PATCH: UndefInst and UnreachableValue (Constant)

Fri Apr 1 01:19:17 PDT 2016

This series of patches proposes two closely related extensions to LLVM's 
handling and optimization of undefined behaviour.

The first innovation is the "undef instruction" which produces a single 
value that is in range for its type, but does not define what that 
single value is. That is, it can not be unsigned-less-than zero, nor can 
it be both not equal to X and not equal to Y where X is not equal to Y. 
That sort of thing.

This is useful for a non-C-like languages where reading an allocated but 
uninitialized stack variable produces the real concrete value that was 
in memory -- a single value whose bits may be anything, but does not 
cause uncontrolled UB. We are given the freedom to decide what that 
value actually is, as long as we pick only one possibility. This is what 
the undef instruction provides.

For some background, you may want to read Sanjoy's post about undef:
   http://www.playingwithpointers.com/problem-with-undef.html
where he talks about how every use of an UndefValue value is an SSA 
definition (a problem that UndefInst fixes), and John Regehr's Friendly 
C work:
   http://blog.regehr.org/archives/1180

To preserve behaviour for C-like compilers, their pass pipelines should 
include a pass that replaces all uses of undef instructions with undef 
constants and deletes the now-dead undef instructions. This is 
integrated into instsimplify.

The second innovation is the inverse of the first, adding 
UnreachableValue with semantics similar to the existing unreachable 
instruction, but as a constant. The intended primary user is the 
constant folder itself.

Similarly to undef, combining an unreachable constant with another value 
produces an unreachable constant. "unreachable + 1 == unreachable". You 
can safely put an unreachable on one side of a select as long as that 
side is not chosen (indeed, it indicates that side is never chosen). If 
an instruction evaluates to unreachable, the instruction has "no defined 
semantics" (ie., behaves the same as an unreachable instruction). This 
also means that you can use unreachable constants in PHI nodes (there's 
an obvious optimization opportunity there) and as global variable 
initializers (no 'unreachable' semantic until the load instruction).
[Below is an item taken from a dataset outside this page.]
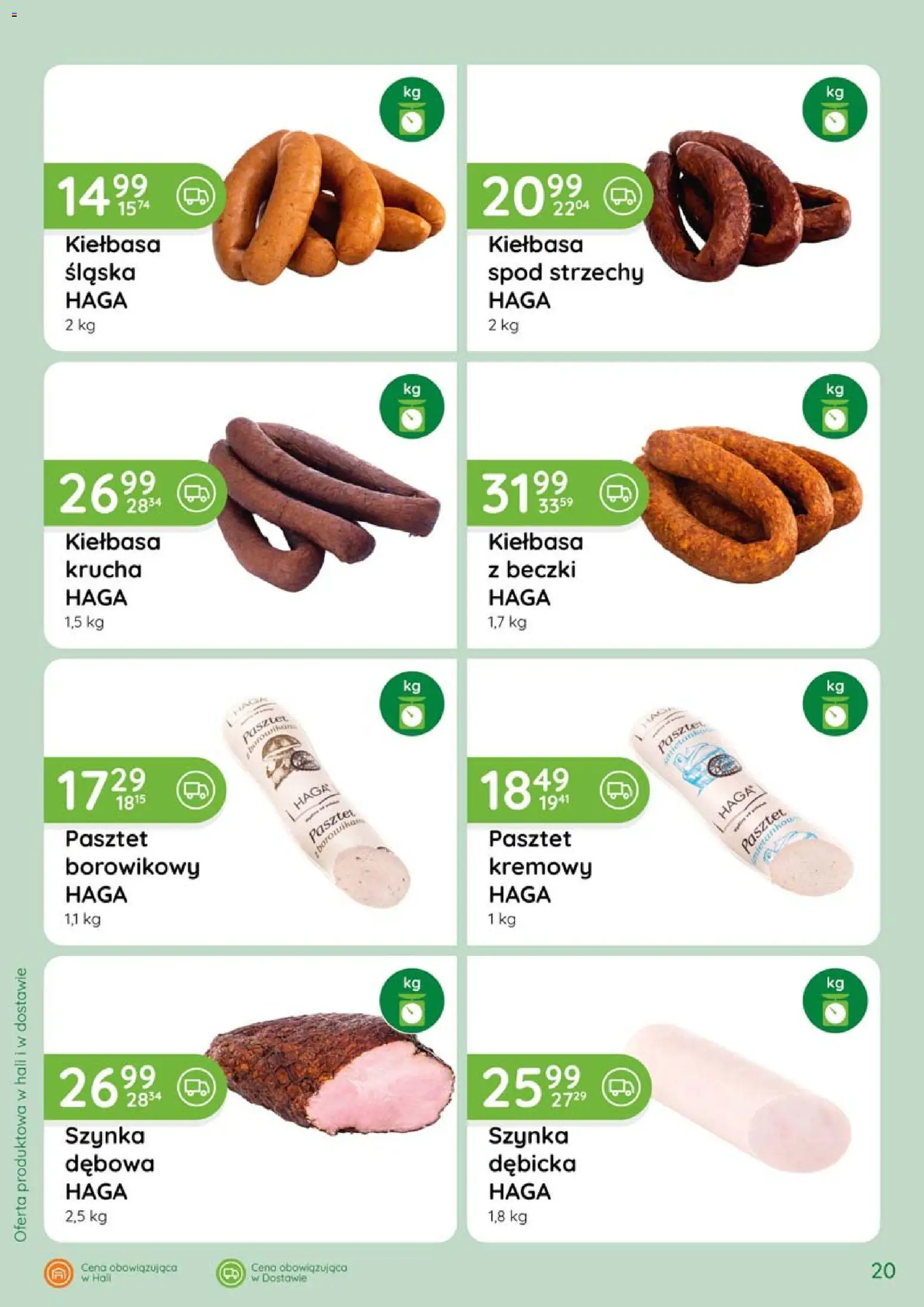 Eurocash gazetka - Katalog Wędlin od 02.04.2026 | Strona: 20 | Produkty: Kiełbasa, Szynka, Kiełbasa śląska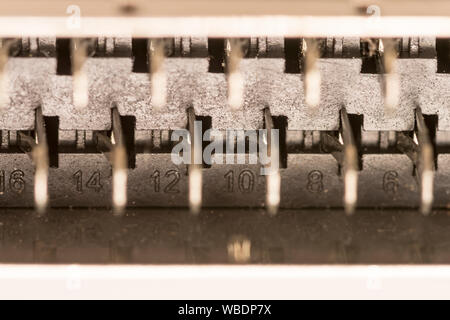 Plug pins closeup. Electric and video plug Stock Photo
If an optimization shows that an instruction is equivalent to an 
unreachable constant it is best to transform the instruction into an 
unreachable, but if you simply RAUW+DCE the instruction then you've 
pushed the unreachable safely down the line, and the optimization is 
correct with a missed optz'n opportunity.

One of the major benefits of framing unreachability as a value is that 
you can accidentally propagate control flow information through any data 
flow algorithm.

We should add UndefInst and UnreachableValue first, then audit calls to 
UndefValue::get to see whether the optimizer should create an undef 
instruction, an undef value or an unreachable constant.

The first patch in the series adds the unreachable constant: 
http://reviews.llvm.org/D18686 .

I tried implementing this as a ConstantExpr where the expr was 
Instruction::Unreachable but it didn't come out cleanly because the 
unreachable instruction is both a terminator and has void type. No other 
ConstantExpr is a terminator, or has void type. Making constant folding 
potentially change the type to void was very awkward as well.

Anyways, please let me know what you think!

Nick